Letlow has not waged personal attacks on Cassidy in many speeches; instead she argues voters need a senator who reflects their view that Trump’s 2020 defeat should not be doubted. Cassidy’s campaign, in turn, has spent heavily to portray her as soft on campus diversity initiatives and otherwise insufficiently conservative.
Cassidy is trying to shift the conversation to his record: as a physician and chair of the Senate Health Committee, he points to bills he wrote or helped negotiate that were signed into law — on prescription drugs, fentanyl enforcement and billions in federal funding for local projects, including flood recovery and infrastructure. He emphasizes pragmatism and delivering results to Louisiana towns and parishes, urging voters to focus on “the present and the future” rather than re-litigating the past.

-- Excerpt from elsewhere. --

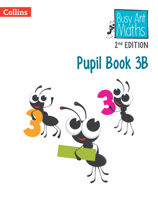 Busy Ant Maths 2nd Edition ― PUPIL BOOK 3B 0008613354 Book Cover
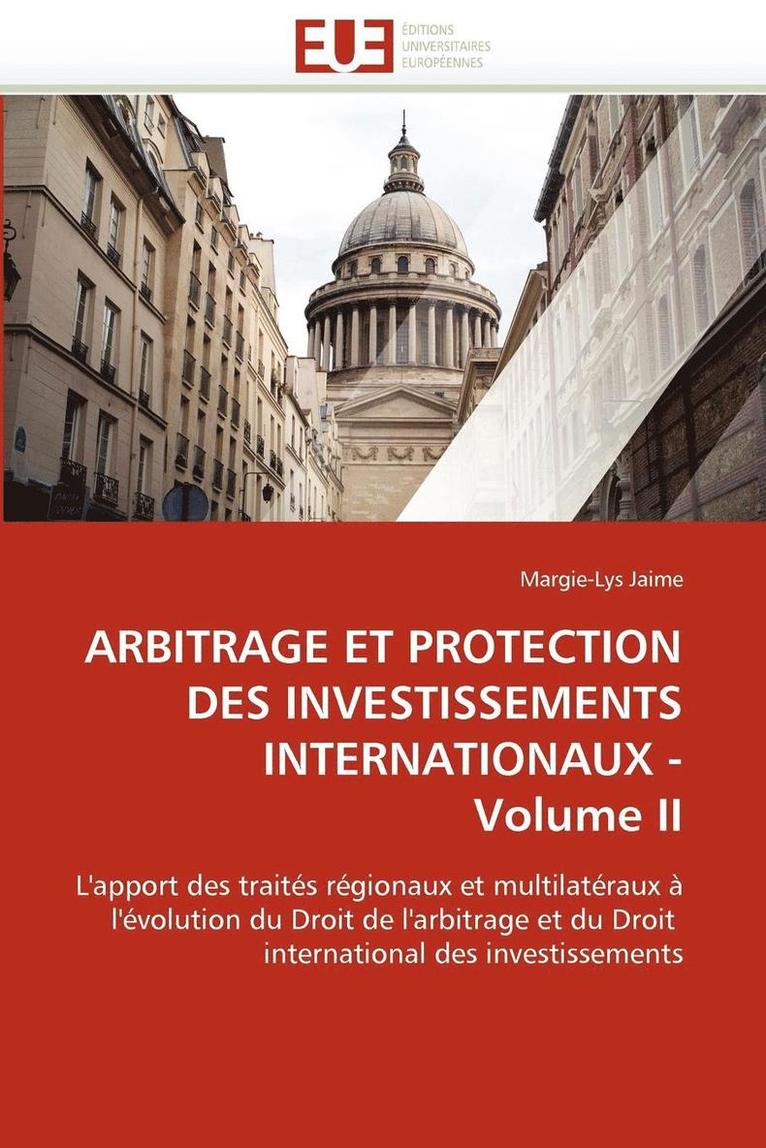Arbitrage Et Protection Des Investissements Internationaux - Volume II 1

At campaign events, Cassidy often avoids revisiting the conviction vote directly. He leans on his professional ethos: “You make a decision based on the facts before you… and then you live with that decision,” he said after a rally — language he links to his years as a physician.
Cassidy’s strategy includes appealing beyond the Republican base. Some independents and moderate Democrats say they like a senator willing to cross party lines. Eli Feinstein of New Orleans, a longtime Democrat who switched to no-party status so he could take part in the Republican primary, said he will vote for Cassidy this spring even though he plans to back a Democrat in November. But efforts to court Democrats have been undermined by state-level changes: Republican Governor Jeff Landry supported closing Louisiana’s historically open primary, preventing registered Democrats from requesting Republican ballots unless they switch registration. Cassidy has publicly urged Democrats to change registration to help him in the primary.
The pressure on Cassidy is intense from both directions. Former lieutenant governor Jay Dardenne described him as “squeezed in a vice” — pushed by voters who demand unquestioning loyalty to Trump on one side and by those who expect independence on the other. Some voters remain unconvinced by Cassidy’s outreach. Debbie Spinks, a Republican, said his recent support for legislation favored by Trump feels like political expediency rather than conviction: “Only because it’s election time,” she said.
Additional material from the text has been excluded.